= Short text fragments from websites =
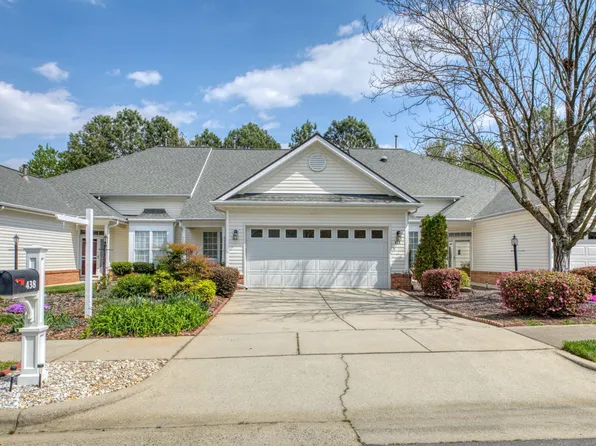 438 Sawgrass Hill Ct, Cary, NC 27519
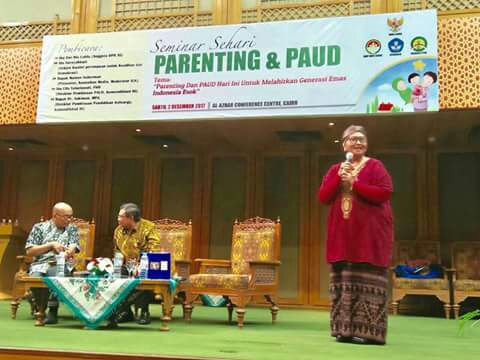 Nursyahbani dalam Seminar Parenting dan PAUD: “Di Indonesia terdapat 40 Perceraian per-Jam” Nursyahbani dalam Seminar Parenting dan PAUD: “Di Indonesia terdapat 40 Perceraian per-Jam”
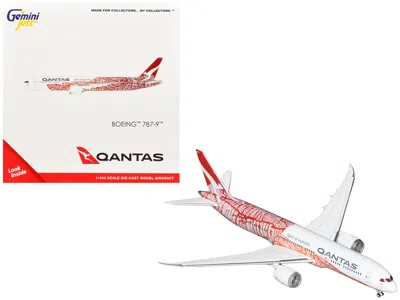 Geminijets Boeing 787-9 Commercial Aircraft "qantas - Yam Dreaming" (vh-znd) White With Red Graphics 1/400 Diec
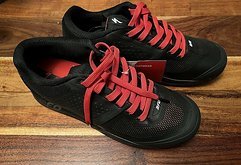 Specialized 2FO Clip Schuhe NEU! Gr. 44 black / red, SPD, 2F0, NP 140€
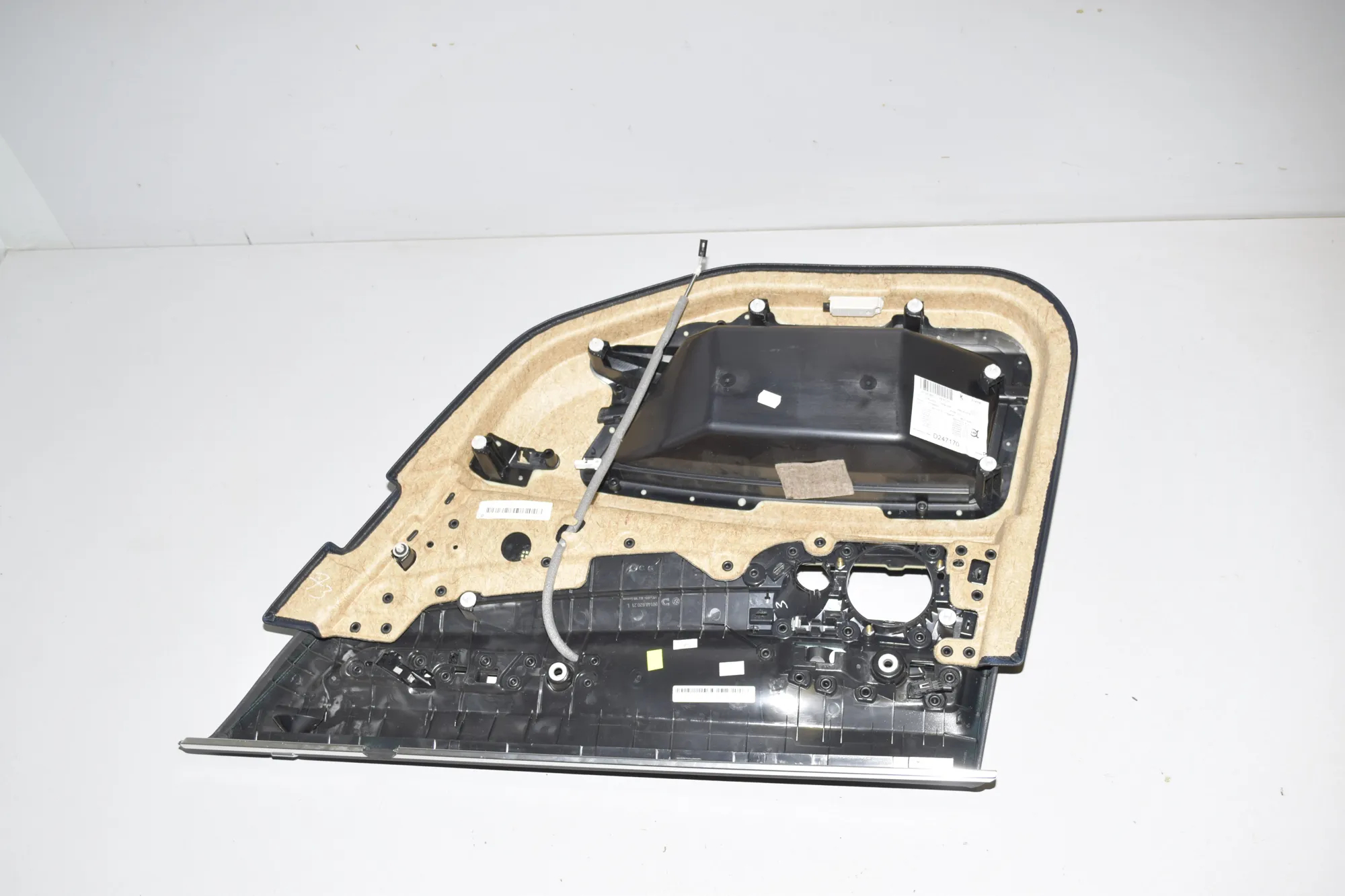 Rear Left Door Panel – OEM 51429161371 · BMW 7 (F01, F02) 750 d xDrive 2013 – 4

= WHAT IS REQUIRED =
An exact copy of every entry above is needed, with the pictures left out.

= RESPONSE AREA =
 438 Sawgrass Hill Ct, Cary, NC 27519
 Nursyahbani dalam Seminar Parenting dan PAUD: “Di Indonesia terdapat 40 Perceraian per-Jam” Nursyahbani dalam Seminar Parenting dan PAUD: “Di Indonesia terdapat 40 Perceraian per-Jam”
 Geminijets Boeing 787-9 Commercial Aircraft "qantas - Yam Dreaming" (vh-znd) White With Red Graphics 1/400 Diec
 Specialized 2FO Clip Schuhe NEU! Gr. 44 black / red, SPD, 2F0, NP 140€
 Rear Left Door Panel – OEM 51429161371 · BMW 7 (F01, F02) 750 d xDrive 2013 – 4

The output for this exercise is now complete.